**EXERCISE INSTRUCTIONS:** Below are entries. Reproduce exactly the lines between the line holding "Stag In A Mountain Landscape" and the line holding "来源分布广 来源分布广", inclusive, and only those.
=== RECORDED DATA ===
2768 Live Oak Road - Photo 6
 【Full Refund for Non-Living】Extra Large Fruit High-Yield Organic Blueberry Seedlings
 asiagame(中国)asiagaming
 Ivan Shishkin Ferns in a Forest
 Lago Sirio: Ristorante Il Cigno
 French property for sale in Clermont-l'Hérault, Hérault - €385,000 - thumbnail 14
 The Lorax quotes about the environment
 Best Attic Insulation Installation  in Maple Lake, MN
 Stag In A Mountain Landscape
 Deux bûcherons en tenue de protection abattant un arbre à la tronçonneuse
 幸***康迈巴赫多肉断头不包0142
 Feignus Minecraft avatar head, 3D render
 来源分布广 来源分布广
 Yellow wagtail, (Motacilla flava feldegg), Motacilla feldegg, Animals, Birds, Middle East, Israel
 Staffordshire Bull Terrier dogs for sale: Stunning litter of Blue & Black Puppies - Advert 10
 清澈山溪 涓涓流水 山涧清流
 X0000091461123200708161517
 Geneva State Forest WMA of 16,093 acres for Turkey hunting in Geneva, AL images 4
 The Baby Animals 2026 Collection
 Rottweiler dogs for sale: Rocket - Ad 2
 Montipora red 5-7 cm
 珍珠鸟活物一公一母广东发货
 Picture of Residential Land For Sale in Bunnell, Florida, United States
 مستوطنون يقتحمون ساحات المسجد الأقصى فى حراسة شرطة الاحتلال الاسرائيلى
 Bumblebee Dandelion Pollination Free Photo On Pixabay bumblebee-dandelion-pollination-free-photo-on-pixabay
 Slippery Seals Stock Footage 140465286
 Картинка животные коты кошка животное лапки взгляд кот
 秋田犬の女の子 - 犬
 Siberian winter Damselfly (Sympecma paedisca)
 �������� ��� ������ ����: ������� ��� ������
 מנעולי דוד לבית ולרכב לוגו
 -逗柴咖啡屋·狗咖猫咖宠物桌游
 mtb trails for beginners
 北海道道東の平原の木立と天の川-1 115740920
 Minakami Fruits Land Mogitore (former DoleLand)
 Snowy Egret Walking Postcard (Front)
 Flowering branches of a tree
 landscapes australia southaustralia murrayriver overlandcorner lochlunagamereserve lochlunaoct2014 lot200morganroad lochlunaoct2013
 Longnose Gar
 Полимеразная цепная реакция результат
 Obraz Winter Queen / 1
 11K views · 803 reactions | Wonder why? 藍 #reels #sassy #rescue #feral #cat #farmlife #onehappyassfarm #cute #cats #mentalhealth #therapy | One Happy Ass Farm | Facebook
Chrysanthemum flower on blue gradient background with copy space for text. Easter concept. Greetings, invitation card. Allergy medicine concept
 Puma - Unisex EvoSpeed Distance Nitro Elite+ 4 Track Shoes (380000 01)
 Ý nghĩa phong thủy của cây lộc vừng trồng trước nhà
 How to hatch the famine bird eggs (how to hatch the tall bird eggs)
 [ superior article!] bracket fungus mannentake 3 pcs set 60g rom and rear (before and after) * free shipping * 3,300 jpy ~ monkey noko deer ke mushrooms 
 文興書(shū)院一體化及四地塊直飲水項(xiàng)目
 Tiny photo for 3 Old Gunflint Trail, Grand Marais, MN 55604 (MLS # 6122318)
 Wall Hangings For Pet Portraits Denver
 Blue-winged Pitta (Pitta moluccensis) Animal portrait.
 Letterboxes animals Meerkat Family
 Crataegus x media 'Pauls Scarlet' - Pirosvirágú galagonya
===
**OUTPUT OF THE EXERCISE:**
 Stag In A Mountain Landscape
 Deux bûcherons en tenue de protection abattant un arbre à la tronçonneuse
 幸***康迈巴赫多肉断头不包0142
 Feignus Minecraft avatar head, 3D render
 来源分布广 来源分布广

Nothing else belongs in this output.